Kraken Field will ensure that the EnQuest Group has significant influence over the field development and

subsequent production in the Kraken Field and over appraisal and exploration activities in adjacent areas.

The Directors believe that the Proposed Acquisition will complement EnQuest’s key strengths and further its

stated strategy.

3. Information on the Kraken Interest

The Kraken Interest consists of interests in Blocks located in the East Shetland basin, in an area to the west

of the North Viking Graben.

The Kraken Field is one of the largest identified undeveloped oil fields in the UK North Sea and is being

progressed to development following successful appraisal and well test results.

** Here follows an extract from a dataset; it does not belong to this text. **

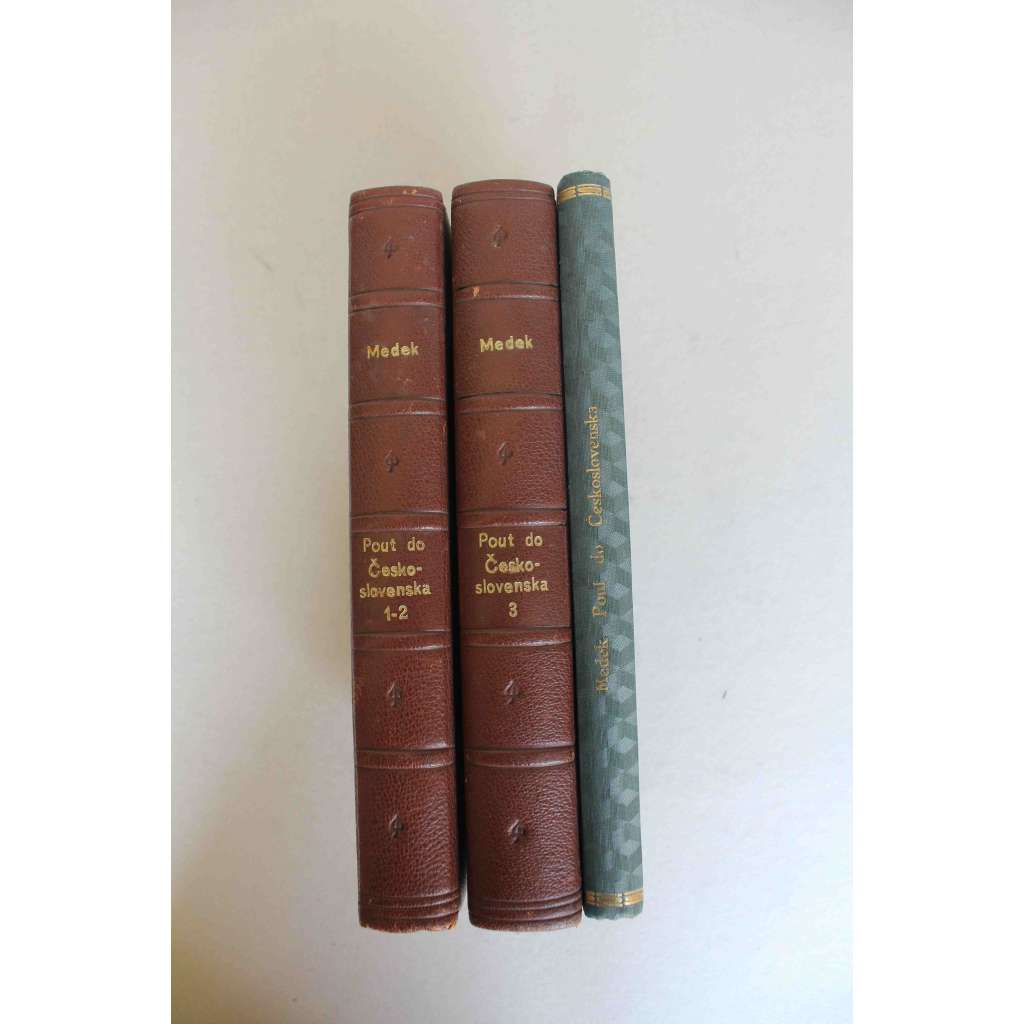 Pout do Československa, (díly I.-IV. ve 3 svazcích) Válečné paměti a vzpomínky z let 1914-1920 (V mundúru Rakouska Uherska, Stará brigáda, V zajetí ruské revoluce; legie, legionáři; polokožená vazba - vazba kůže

The gross 2C contingent resources for the Kraken Field are estimated by GCA to be 172 MMbbl and

therefore the Proposed Acquisition will deliver a further 26 MMbbl of 2C contingent resources net to the

Enlarged Group, increasing EnQuest’s net 2C contingent resources in the Kraken Field, as estimated by

GCA, from 77 MMbbl to 103 MMbbl.

The most recent and first horizontal well 9/02b-5z in the Kraken Field was drilled and tested at a stabilised

rate of 4,000 bopd and a series of flow and build-up periods were conducted up to a maximum flow rate of

4,500 bopd. At the same time the viscosity was measured at 162 centipoise. This, together with the flow

rates, gave the management of EnQuest significant comfort that a viable new development could be

progressed.

10.4.1(2)(f)

6

The Proposed Acquisition will also enable the Enlarged Group to exercise the option, granted in the Nautical

Acquisition, to acquire a further 5 per cent. interest in UKCS Block 9/1a (known as the Ketos discovery).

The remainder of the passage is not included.